The fact that charcoal-based tattoo inks continue to be used today, more than 5,000 years after the first charcoal tattoo was given, shows that charcoal is an effective, relatively safe tattoo pigment, unlike woad. Additionally, charcoal can be easily produced with wood fires, meaning it would have been a readily available material for tattoo artists in the early medieval British Isles. We would need more direct evidence, like a tattooed body from the British Isles, to confirm its use though.
As of June 2024, there have been at least 279 bog bodies* found in the British Isles (Ó Floinn 1995, Turner 1995, Cowie, Picken, Wallace 2011, Giles 2020, BBC 2024), a handful of which have made it into modern museum collections. Unfortunately, tattoos have not been found on any of them. (We don't have a full scientific analysis for the 2023 Bellaghy find yet though.)

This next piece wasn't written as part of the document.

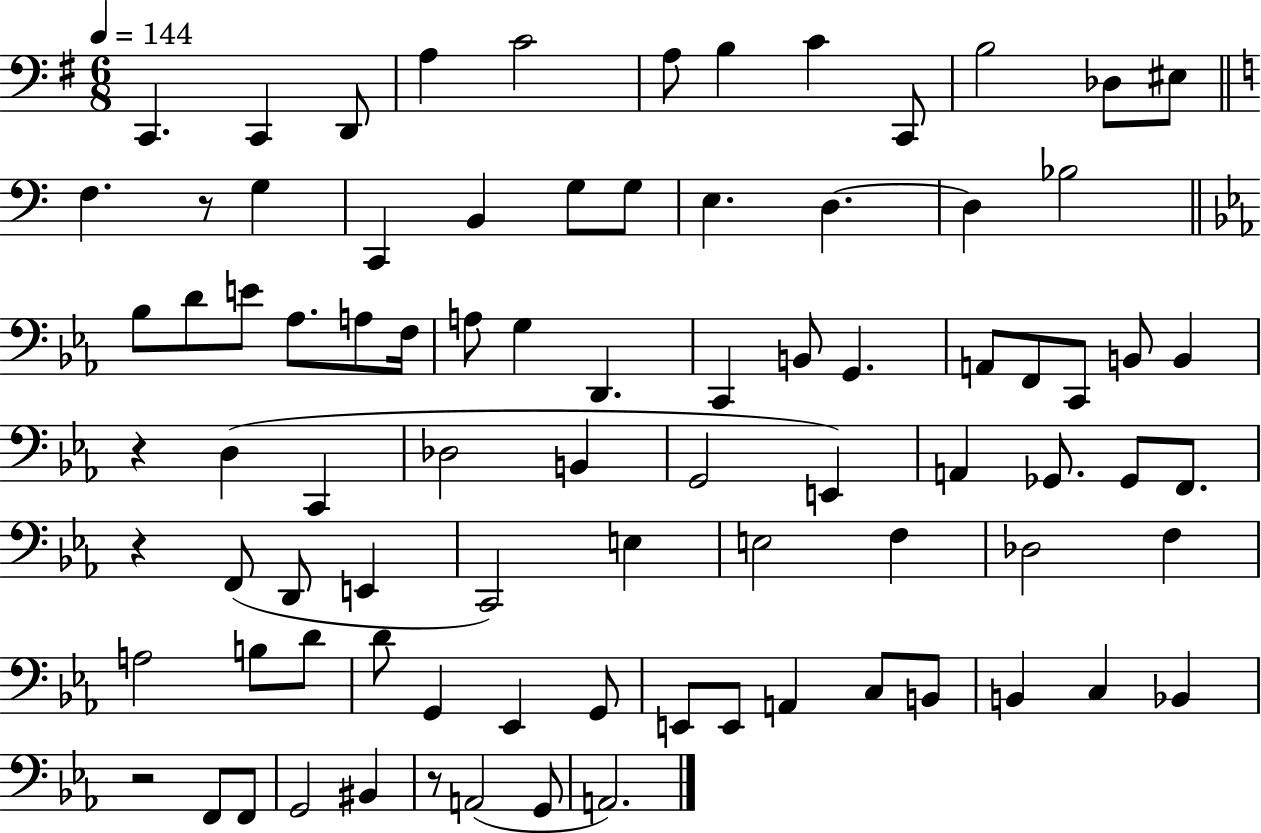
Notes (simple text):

C2/q. C2/q D2/e A3/q C4/h A3/e B3/q C4/q C2/e B3/h Db3/e EIS3/e F3/q. R/e G3/q C2/q B2/q G3/e G3/e E3/q. D3/q. D3/q Bb3/h Bb3/e D4/e E4/e Ab3/e. A3/e F3/s A3/e G3/q D2/q. C2/q B2/e G2/q. A2/e F2/e C2/e B2/e B2/q R/q D3/q C2/q Db3/h B2/q G2/h E2/q A2/q Gb2/e. Gb2/e F2/e. R/q F2/e D2/e E2/q C2/h E3/q E3/h F3/q Db3/h F3/q A3/h B3/e D4/e D4/e G2/q Eb2/q G2/e E2/e E2/e A2/q C3/e B2/e B2/q C3/q Bb2/q R/h F2/e F2/e G2/h BIS2/q R/e A2/h G2/e A2/h.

*This number includes some finds from fens. It does not include the Cladh Hallan composite mummies.
Tattoos in period art?
It has been suggested that the man fight a beast on Book of Kells f. 130r may be naked and covered in tattoos (MacQuarrie 1997). However, Dress in Ireland author Mairead Dunlevy interprets this illustration as a man wearing a jacket and trews (Dunlevy 1989). Looking at some of the other figures in the Book of Kells, I agree with Dunlevy. F. 97v shows the same long, fitted sleeves and round neckline. F. 292r has long, fitted leg coverings, presumably trews, and also long sleeves. The interlace and dot motifs on f. 130r's legs may be embroidery. Embroidered garments were a status symbol in early medieval Ireland (Dunlevy 1989).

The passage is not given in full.